■ How to complete this task ■
All lines from the one containing "2KW Automatic Grinder" down to the one containing "湖南少年儿童出版社2022课程基础训练七年级生物上册人教版答案", both ends included, are to be given again exactly; omit the rest of the listing below.

■ Dataset records ■
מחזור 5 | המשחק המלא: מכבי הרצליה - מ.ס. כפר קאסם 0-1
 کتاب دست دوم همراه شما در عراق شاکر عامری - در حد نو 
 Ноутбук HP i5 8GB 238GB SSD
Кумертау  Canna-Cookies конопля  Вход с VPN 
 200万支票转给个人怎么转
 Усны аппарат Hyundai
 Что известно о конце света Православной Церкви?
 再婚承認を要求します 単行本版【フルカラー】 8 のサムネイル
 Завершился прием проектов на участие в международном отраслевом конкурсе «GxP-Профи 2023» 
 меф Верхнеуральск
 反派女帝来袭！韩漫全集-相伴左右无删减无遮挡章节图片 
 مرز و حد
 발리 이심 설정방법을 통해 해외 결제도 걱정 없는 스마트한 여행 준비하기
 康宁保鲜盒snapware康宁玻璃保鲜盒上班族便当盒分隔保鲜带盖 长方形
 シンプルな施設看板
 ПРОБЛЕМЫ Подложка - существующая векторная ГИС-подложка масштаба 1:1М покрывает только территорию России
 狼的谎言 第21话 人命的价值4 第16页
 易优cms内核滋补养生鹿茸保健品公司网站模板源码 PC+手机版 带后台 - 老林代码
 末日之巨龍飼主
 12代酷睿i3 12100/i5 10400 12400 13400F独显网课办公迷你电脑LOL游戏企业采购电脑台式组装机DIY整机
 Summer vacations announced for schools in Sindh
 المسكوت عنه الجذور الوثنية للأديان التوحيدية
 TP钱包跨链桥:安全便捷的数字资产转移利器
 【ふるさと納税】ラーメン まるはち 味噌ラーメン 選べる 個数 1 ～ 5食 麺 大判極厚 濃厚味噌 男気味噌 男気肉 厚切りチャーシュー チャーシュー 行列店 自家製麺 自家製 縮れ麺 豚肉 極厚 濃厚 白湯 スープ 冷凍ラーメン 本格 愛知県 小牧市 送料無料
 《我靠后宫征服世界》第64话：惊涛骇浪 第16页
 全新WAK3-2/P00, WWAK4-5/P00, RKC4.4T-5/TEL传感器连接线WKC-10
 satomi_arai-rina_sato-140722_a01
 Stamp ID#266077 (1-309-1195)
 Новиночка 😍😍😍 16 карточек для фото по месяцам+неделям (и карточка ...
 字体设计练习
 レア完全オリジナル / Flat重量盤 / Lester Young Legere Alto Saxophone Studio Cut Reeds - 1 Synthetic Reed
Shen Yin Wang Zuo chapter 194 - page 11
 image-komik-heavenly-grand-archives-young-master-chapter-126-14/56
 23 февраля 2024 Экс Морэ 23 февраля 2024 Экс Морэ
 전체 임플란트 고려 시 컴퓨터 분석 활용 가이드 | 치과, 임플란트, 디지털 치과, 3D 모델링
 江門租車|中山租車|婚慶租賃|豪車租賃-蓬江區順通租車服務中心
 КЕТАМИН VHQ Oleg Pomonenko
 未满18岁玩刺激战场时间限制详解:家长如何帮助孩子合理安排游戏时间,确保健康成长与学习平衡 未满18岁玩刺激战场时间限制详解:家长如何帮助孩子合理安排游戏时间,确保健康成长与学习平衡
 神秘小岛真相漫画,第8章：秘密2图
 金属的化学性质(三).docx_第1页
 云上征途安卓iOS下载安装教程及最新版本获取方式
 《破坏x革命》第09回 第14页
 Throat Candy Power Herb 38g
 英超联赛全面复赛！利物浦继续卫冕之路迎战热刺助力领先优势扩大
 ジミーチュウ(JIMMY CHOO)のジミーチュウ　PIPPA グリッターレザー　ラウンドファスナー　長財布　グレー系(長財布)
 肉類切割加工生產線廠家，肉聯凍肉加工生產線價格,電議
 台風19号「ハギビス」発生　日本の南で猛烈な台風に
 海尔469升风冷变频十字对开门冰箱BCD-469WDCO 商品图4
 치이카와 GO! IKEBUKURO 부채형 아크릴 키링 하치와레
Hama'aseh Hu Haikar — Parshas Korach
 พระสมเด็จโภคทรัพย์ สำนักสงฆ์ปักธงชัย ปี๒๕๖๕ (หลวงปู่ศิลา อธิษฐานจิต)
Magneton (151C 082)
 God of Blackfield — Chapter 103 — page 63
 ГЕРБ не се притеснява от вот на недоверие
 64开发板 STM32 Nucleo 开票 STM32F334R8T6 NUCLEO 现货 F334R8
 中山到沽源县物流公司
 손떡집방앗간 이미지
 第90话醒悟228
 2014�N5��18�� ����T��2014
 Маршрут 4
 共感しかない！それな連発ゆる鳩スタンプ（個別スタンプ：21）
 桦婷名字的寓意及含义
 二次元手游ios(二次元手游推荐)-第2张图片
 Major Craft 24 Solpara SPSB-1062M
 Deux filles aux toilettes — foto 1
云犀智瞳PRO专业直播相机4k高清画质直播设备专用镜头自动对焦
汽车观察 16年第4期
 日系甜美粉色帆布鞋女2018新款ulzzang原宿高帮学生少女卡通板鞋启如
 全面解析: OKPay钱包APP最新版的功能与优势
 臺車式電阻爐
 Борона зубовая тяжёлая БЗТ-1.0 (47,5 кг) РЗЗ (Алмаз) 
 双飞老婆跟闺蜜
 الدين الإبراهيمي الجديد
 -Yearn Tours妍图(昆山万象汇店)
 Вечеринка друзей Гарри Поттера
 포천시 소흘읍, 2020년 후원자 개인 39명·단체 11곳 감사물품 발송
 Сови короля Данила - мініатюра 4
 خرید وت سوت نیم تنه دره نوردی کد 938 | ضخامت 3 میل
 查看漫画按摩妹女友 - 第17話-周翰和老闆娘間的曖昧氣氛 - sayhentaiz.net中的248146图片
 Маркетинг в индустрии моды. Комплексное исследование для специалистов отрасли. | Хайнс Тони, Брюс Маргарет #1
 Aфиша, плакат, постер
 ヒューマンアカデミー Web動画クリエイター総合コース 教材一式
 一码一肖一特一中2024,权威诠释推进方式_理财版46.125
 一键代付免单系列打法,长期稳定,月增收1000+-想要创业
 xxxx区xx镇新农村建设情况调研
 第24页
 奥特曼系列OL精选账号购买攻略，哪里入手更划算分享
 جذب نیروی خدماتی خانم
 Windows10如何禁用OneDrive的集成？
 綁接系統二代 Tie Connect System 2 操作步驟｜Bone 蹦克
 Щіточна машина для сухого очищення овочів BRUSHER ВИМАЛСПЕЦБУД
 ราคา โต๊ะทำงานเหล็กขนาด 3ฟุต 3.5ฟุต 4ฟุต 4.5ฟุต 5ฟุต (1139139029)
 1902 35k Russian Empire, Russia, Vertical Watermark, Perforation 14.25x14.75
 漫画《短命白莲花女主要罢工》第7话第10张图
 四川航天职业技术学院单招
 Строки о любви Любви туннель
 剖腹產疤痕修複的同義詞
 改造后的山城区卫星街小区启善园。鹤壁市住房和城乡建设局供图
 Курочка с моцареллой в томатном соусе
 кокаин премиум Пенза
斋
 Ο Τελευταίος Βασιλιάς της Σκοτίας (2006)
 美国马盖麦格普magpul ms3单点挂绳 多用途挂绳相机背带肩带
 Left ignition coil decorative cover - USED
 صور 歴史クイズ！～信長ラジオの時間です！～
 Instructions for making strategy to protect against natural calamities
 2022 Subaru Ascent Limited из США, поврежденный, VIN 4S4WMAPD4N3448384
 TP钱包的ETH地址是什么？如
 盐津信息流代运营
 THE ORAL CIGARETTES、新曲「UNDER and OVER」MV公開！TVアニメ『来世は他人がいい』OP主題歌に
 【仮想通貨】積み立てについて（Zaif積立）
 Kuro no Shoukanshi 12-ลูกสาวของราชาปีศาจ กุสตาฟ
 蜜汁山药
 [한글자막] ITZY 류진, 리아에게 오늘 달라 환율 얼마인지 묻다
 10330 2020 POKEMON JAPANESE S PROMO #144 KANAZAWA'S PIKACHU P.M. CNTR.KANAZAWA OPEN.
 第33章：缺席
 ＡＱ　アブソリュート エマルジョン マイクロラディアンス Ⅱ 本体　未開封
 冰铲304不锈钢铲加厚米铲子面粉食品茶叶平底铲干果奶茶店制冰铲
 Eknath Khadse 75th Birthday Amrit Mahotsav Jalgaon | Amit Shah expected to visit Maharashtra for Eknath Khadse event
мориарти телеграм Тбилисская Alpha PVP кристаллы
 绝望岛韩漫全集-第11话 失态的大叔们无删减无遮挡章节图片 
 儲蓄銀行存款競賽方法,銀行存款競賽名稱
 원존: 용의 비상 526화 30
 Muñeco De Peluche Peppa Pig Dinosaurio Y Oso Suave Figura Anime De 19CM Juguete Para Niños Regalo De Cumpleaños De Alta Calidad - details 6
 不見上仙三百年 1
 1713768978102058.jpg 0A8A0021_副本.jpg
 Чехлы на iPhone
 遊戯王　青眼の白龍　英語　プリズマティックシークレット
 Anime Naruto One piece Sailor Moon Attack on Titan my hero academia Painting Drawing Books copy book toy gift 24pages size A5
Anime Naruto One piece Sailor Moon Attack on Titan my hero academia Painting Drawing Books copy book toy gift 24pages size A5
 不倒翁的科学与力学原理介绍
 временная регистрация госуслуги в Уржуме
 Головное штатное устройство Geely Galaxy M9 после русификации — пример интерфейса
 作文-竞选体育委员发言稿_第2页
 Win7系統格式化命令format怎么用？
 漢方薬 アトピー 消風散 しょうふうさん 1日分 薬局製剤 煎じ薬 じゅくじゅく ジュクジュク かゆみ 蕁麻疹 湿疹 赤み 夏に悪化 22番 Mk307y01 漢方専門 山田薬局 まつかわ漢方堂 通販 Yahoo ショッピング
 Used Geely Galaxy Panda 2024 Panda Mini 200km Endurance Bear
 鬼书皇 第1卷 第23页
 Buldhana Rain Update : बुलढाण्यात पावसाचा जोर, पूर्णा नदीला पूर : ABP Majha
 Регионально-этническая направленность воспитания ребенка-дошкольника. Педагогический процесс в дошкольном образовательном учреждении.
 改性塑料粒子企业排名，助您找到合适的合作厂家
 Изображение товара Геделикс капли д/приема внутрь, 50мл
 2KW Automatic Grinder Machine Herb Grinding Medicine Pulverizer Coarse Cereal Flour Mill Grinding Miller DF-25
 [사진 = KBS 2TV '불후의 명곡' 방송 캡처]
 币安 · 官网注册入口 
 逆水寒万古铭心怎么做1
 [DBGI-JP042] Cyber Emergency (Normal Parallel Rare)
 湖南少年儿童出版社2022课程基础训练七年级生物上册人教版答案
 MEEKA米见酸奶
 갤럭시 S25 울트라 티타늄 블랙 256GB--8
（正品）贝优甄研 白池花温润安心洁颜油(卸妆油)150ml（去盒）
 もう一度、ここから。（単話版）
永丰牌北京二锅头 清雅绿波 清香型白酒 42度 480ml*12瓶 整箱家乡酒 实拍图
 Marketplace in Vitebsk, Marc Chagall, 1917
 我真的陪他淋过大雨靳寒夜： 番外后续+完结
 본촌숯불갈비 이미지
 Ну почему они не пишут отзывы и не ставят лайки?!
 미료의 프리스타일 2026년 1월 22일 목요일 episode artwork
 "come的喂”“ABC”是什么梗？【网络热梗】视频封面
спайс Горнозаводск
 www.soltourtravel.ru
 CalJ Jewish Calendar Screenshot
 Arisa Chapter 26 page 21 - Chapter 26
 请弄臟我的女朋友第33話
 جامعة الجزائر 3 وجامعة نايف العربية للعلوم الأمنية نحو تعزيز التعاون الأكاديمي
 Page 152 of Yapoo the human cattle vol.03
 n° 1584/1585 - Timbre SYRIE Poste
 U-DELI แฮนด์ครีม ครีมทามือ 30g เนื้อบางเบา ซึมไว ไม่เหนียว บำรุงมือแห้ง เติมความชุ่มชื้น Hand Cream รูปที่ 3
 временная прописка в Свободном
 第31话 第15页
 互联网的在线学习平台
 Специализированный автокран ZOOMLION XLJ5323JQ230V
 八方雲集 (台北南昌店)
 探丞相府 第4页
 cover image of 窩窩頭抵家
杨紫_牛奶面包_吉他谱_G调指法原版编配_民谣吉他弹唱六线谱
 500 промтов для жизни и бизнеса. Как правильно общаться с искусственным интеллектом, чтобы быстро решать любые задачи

■ Answer area ■
 2KW Automatic Grinder Machine Herb Grinding Medicine Pulverizer Coarse Cereal Flour Mill Grinding Miller DF-25
 [사진 = KBS 2TV '불후의 명곡' 방송 캡처]
 币安 · 官网注册入口 
 逆水寒万古铭心怎么做1
 [DBGI-JP042] Cyber Emergency (Normal Parallel Rare)
 湖南少年儿童出版社2022课程基础训练七年级生物上册人教版答案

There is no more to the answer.